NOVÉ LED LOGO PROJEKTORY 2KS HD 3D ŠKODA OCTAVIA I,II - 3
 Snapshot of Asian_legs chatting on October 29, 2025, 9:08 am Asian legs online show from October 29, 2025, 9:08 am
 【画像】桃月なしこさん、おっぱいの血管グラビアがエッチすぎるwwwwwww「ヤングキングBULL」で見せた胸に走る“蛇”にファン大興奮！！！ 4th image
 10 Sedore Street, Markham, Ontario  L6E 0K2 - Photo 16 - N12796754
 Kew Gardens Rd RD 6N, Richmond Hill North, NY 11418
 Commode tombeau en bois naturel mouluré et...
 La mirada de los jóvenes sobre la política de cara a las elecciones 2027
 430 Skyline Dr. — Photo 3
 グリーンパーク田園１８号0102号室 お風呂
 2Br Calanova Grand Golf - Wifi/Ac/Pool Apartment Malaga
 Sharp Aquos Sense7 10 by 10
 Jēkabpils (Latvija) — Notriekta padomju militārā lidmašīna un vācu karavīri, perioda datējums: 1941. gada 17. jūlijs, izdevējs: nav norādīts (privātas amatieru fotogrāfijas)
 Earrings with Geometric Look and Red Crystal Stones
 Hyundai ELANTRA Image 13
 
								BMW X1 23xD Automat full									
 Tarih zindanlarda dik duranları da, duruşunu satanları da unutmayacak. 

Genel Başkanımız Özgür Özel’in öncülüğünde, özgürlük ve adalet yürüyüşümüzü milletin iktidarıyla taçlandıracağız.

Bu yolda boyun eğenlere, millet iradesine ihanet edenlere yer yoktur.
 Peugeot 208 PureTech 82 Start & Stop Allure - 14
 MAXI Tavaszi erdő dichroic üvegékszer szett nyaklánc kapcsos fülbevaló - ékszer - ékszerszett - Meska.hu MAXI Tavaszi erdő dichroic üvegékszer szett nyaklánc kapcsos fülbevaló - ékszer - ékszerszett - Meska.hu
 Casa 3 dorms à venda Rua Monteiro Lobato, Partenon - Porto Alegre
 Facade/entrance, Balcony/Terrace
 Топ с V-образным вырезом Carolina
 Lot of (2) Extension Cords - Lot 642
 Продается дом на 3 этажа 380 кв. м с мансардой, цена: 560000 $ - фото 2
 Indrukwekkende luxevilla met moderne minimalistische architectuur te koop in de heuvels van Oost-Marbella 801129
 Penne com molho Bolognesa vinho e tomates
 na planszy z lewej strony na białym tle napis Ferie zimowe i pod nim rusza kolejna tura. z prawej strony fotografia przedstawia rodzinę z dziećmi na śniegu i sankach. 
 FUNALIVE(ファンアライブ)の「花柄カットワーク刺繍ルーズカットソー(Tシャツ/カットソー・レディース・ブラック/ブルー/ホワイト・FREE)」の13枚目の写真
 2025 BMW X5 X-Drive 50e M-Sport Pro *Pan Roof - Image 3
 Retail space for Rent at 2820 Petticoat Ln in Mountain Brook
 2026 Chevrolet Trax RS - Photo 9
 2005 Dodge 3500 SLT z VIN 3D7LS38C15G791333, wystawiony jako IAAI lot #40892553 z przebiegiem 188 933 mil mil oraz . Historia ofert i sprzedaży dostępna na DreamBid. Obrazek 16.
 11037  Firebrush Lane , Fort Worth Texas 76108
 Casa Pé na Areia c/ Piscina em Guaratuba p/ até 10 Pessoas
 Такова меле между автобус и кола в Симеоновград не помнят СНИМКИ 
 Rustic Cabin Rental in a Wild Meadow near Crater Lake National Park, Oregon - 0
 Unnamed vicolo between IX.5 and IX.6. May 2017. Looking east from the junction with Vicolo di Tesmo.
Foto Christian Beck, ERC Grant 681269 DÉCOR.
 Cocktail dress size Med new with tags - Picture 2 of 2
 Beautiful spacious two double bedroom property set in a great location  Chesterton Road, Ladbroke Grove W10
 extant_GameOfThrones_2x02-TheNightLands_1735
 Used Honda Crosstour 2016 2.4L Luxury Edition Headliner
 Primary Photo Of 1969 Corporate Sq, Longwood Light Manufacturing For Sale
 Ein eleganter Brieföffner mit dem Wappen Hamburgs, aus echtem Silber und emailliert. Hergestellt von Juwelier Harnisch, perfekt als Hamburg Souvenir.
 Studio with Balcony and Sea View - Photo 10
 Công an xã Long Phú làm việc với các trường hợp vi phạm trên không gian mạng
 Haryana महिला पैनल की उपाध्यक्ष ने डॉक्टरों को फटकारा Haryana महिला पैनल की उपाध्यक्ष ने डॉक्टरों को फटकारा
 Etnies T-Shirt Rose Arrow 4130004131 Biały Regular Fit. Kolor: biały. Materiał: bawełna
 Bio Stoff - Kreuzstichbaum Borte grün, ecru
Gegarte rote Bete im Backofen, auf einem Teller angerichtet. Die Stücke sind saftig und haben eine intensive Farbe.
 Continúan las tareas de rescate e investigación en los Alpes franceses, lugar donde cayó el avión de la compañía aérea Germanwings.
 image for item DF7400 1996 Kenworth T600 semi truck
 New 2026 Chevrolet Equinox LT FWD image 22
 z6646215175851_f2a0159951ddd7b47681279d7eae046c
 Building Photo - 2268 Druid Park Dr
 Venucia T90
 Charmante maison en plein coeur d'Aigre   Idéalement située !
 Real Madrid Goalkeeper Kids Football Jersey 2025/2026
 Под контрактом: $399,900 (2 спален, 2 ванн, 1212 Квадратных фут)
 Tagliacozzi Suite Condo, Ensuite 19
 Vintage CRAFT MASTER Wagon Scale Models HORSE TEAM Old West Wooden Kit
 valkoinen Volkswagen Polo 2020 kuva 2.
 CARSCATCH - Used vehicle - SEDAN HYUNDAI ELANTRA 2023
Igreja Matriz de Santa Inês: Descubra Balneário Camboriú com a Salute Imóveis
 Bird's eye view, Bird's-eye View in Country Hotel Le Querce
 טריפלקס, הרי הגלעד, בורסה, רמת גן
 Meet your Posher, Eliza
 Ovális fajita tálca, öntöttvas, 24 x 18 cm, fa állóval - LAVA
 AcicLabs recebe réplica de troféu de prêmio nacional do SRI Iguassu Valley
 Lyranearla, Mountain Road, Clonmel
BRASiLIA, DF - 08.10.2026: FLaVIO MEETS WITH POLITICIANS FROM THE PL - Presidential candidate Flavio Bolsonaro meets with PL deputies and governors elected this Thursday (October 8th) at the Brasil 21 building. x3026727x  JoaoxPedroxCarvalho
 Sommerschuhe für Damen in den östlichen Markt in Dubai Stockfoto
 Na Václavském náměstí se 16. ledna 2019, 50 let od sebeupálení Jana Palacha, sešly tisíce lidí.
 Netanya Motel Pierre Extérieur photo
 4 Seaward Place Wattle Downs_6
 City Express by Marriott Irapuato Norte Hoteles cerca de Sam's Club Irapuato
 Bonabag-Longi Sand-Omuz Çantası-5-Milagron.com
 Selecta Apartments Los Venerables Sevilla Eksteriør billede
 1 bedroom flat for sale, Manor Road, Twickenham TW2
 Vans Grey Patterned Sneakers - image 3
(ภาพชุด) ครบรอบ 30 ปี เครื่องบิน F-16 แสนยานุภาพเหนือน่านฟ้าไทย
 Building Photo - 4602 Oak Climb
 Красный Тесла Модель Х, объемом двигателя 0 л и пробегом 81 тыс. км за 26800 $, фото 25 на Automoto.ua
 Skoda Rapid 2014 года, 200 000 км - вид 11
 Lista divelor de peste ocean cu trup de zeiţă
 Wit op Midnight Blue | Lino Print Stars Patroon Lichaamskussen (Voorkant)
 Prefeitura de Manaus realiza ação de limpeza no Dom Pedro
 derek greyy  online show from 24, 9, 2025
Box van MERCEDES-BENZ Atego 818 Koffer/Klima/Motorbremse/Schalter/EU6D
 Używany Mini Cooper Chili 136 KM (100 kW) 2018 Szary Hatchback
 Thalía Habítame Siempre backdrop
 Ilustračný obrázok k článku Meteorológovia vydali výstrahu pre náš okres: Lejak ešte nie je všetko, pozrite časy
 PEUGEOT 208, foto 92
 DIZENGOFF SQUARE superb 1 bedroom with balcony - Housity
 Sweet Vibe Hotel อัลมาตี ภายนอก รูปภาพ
────────
Within the material above, extract exactly the lines that start at the line containing "Lot of (2) Extension Cords - Lot 642" and stop after the line containing "Worth Texas 76108", and only those.

Response
 Lot of (2) Extension Cords - Lot 642
 Продается дом на 3 этажа 380 кв. м с мансардой, цена: 560000 $ - фото 2
 Indrukwekkende luxevilla met moderne minimalistische architectuur te koop in de heuvels van Oost-Marbella 801129
 Penne com molho Bolognesa vinho e tomates
 na planszy z lewej strony na białym tle napis Ferie zimowe i pod nim rusza kolejna tura. z prawej strony fotografia przedstawia rodzinę z dziećmi na śniegu i sankach. 
 FUNALIVE(ファンアライブ)の「花柄カットワーク刺繍ルーズカットソー(Tシャツ/カットソー・レディース・ブラック/ブルー/ホワイト・FREE)」の13枚目の写真
 2025 BMW X5 X-Drive 50e M-Sport Pro *Pan Roof - Image 3
 Retail space for Rent at 2820 Petticoat Ln in Mountain Brook
 2026 Chevrolet Trax RS - Photo 9
 2005 Dodge 3500 SLT z VIN 3D7LS38C15G791333, wystawiony jako IAAI lot #40892553 z przebiegiem 188 933 mil mil oraz . Historia ofert i sprzedaży dostępna na DreamBid. Obrazek 16.
 11037  Firebrush Lane , Fort Worth Texas 76108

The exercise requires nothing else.